自献忠丙戌年炮毙于成都府,可望遂入贵州,据定番城,依息人马,其意欲入滇南取沐府也。

不意沐府之事更奇。

沐府世守云南,为桑土绸缪计,即稍破悭囊,亦情理之所应然。

乃燕台告变,彼高卧也。

金陵失守,彼高卧也。

丙戌七月,福京再陷,于是司、两院启请增兵守滇南境口,恐防客兵流入。

增兵必先措饷。

今求助饷,沐主天波戚容曰:极是要紧事,只为迩年多费,不能助一缗。

奈何!奈何!还宜从长酌处。

然增兵之说不可再迟,各有身家,刻下欲行者也。

滇田甚硗,无容议加。

天波以为各土司用盐颇多,再增本府一票,饷可从出矣。

众皆是之。

乃令盐场计会官给运使之盐票,再置沐府之饷票,准于九月为始。

初行时,土司有遵法纳沐票饷银者。

初九日,楚雄府土司吴必魁抗令焉。

于盐场中不惟弃沐票,并夺商盐。

鸣之县,县差捶之;鸣之府,府差杀之。

声言已无朱皇帝,何有沐国公!遂举众入城,执楚雄府文武官数罪而杀之,又并其城而据之。

天波于是为饷票生事矣。

欲除大憝而克楚城,非藉壮隶之力不能也,计必调土司之强有力者,以靖扫之。

崇祯初年,滇南有浦民升之乱。

民升非自能为乱也,其妻范氏恣甚娇,色甚美,而力甚巨,且多智,而不好静,日驱挟民升振旗鼓,掠勇壮以取乐。

朝廷为之耗饷发帑,几二十万。

两院司道夺职镌级者,不计数。

恇怯偾弁陨命革逐,正不知几十百也。

后民升将败,忽与言别曰:尔不可以我为妻,我亦不与尔为夫,我去矣。

即去鹤庆府执一土司沙定洲曰:惟我与尔,可为夫妻。

沙定洲曰:我有妻也。

范氏曰:请出,我与语之,妯娌称呼。

三言未毕,一揖拱定洲曰:今未可为百年之好乎!于是,定洲一遵范氏之约束,征发调遣,号令严明,遂为滇南土司中富强第一。

兹天波以令符调之,彼欣然倾洞而出。

十一月初旬,困楚雄。

十五日,已解吴必魁,扫靖楚雄府,奏令再设文武各属,为守土抚治计。

天波喜甚,赉金帛重赏之。

定洲又奏曰:臣夫妇欲来面恩。

至是月二十九日,天波升座,两榭设仪仗,鼓乐旗帜极其炫耀,受拜受贺。

定洲止夫妇两人耳,三叩未完,两人俯首,忽趋上殿,急视之,两人各舞,两刀已格杀左右几人,天波急奔入内殿,两人亦竟入内殿,随见随杀,沐府男妇内侍不啻四、五百,顷刻尸横遍地,幸天波踰墙而逃。

彼反徐徐升殿,已有拜贺趋跄,供其调遣。

四城门又有定洲亲信之人,典守盘诘。

盖彼破楚雄后,各兵已俱潜伏在城,亦刻期共起。

天波悭养兵之几百金,竟至妻儿不保,三百年祖业丧亡,亦可哀也。

定洲夫妇坐据沐府,殿宇华美,宫室壮丽,三司两院许仍照旧供职,日辇天波三百年蓄积尽入本洞。

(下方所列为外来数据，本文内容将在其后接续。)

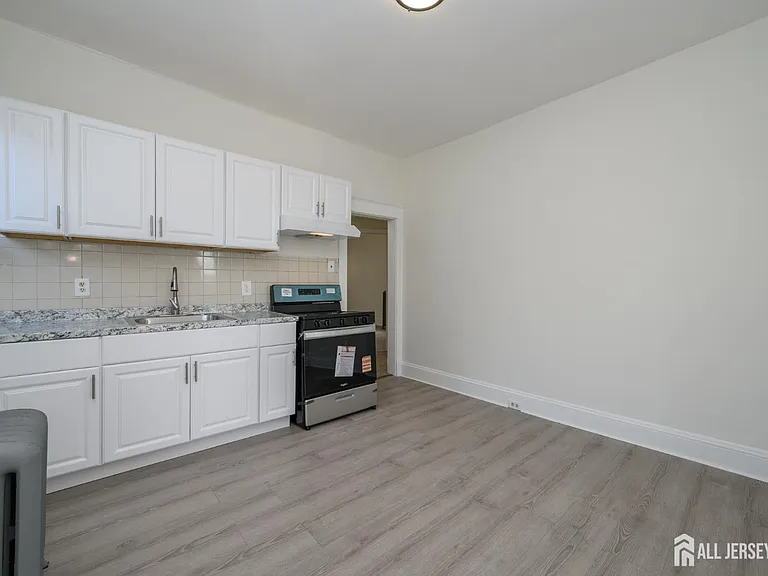 377 Delavan St #2 — Photo 6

其所藏之富厚,奚啻敌国;他物勿论,箭头石青、箭头朱砂、落红琥珀、马蹄赤金,装以细篾箧,每箧五十斤,藏以高板库,每库五十箧,共二百五十库也。

珍珠青红宝石黄龙凉伞,一百四十顶。

定洲夫妇,自十月搬运至丁亥年四月方完。

此信一达于孙可望之耳,拍案而起曰:此吾几上肉也。

沙定洲么么小寇,何得袭我囊中之物!遂宵夜而行,竟入云南府,时为七月初二日。

定洲夫妇已先三日遁归本洞,可望只取沐府空宅,因咨访天波,并骈戮三司两院。

天波来自大理府,可望许之复仇,即用天波为报门官。

十一月,选三千精锐,困围定洲土洞,至戊子年二月,擒获定洲夫妇,并亲戚四人。

沐府之藏,并定洲之所素有,仍尽辇入沐府内宅。

孙可望将所擒六贼,于沐天波坐前,活剥其皮。

天波亦于可望前叩首称谢。

此可望入滇之始未也。

行在六月初,袁彭年生母死,自谓丁艰不守制,喧言于众曰:我家受国恩深重,奕世科名;更受天地之宏大,代产异才。

我今享年过先人,天正不欲置我于无用之地也。

党中人以为国尔忘家,中兴可望,宜晋世爵。

马太后甚恶之,宣查丁艰不守制是何朝祖制?彭年又腼颜月余,挟重资而去,拥妾寓佛山焉。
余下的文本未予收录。